Jane Fonda In Five Acts
(HBO, Monday, Sept. 24)
It’s the biggest TV premiere week of the year, and first up is an epic documentary about the star with the most fascinating life: Grace and Frankie star Jane Fonda. The film covers the five figures who dominated her life: her dad, Henry Fonda (astoundingly cold, he failed to tell Jane of her mother’s suicide); first husband, director Roger Vadim (Barbarella); second husband Tom Hayden; third husband Ted Turner (she alienated him by becoming Christian); and at last, herself, responsible for her recent comeback. “I’m still changing — I’m only 80,” Fonda says. “And why be alive if you’re not learning and changing? You may not be able to make your life longer, but you can make it deeper and wider.”

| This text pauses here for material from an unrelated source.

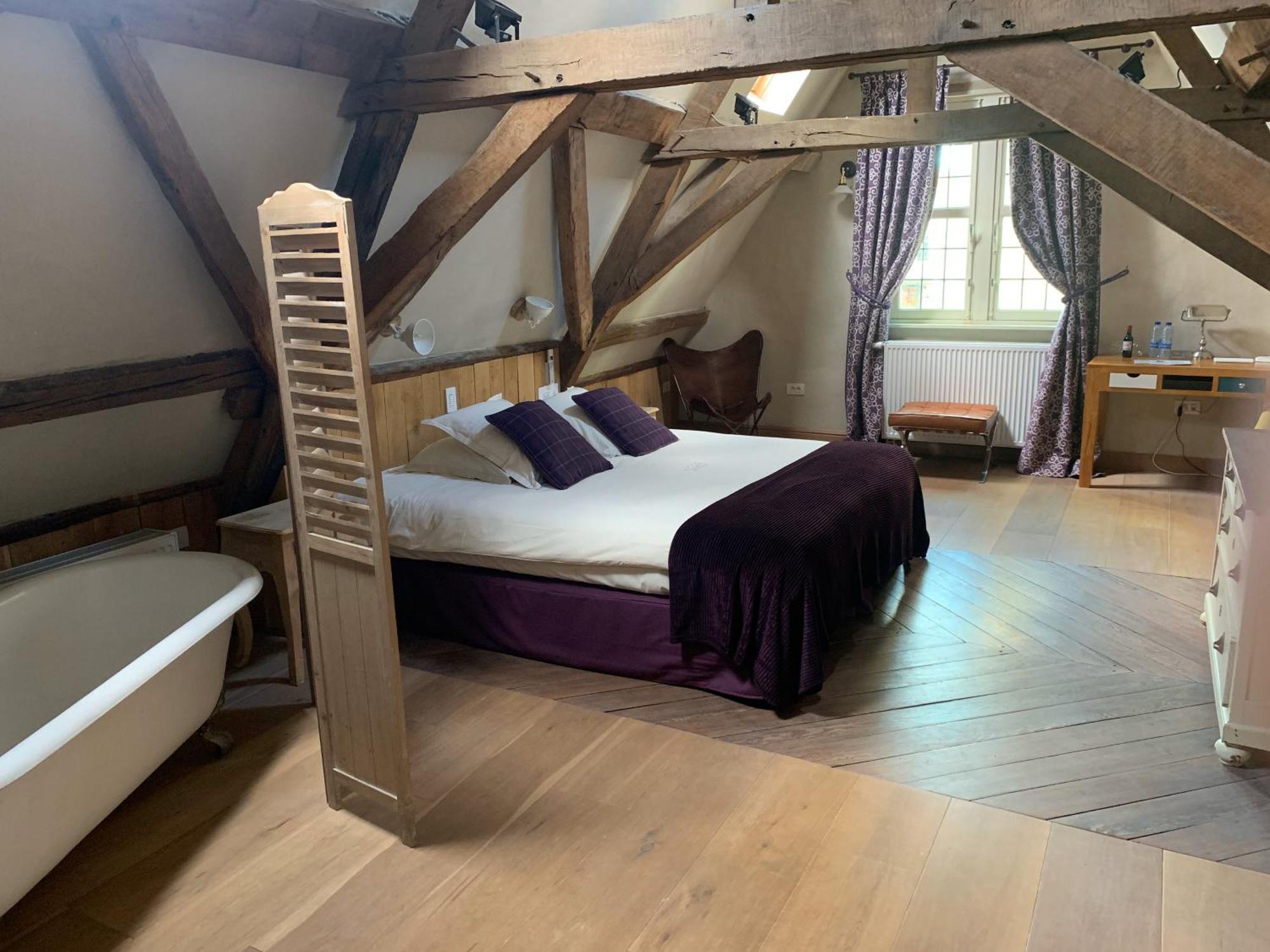B&B Saint-Sauveur Bruges Exterior foto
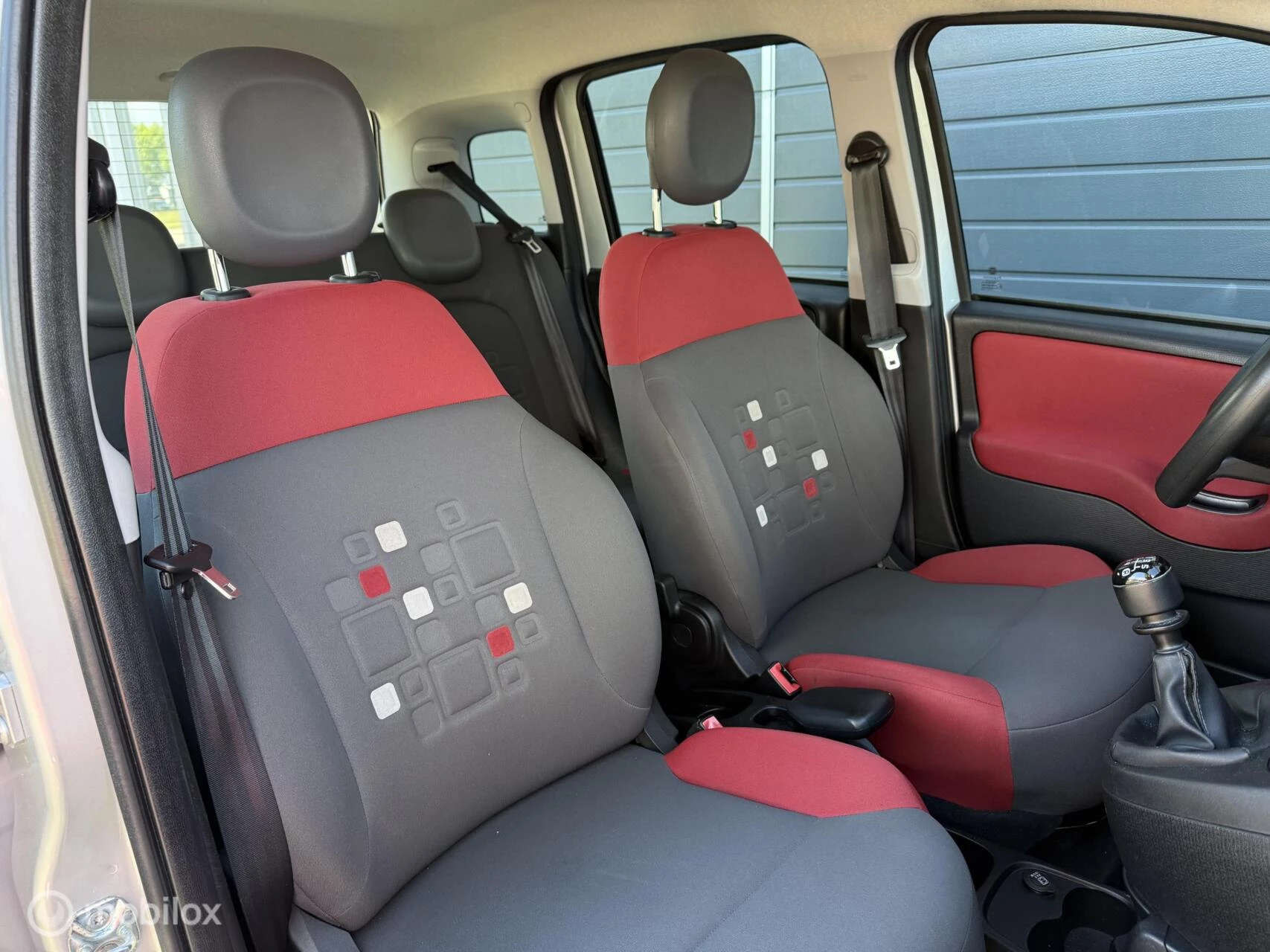 Hoofdafbeelding Fiat Panda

(CBS, Monday Sept. 24, 9 p.m. ET)
Like the Tom Selleck original set in Hawaii, only now Magnum is young Jay Hernandez, the British sidekick he butts heads with is a snooty female, and director Justin Lin (Fast & Furious) has the investigator enter by skydiving from outer space and leaping off a cliff from his crashing Ferrari onto a helicopter.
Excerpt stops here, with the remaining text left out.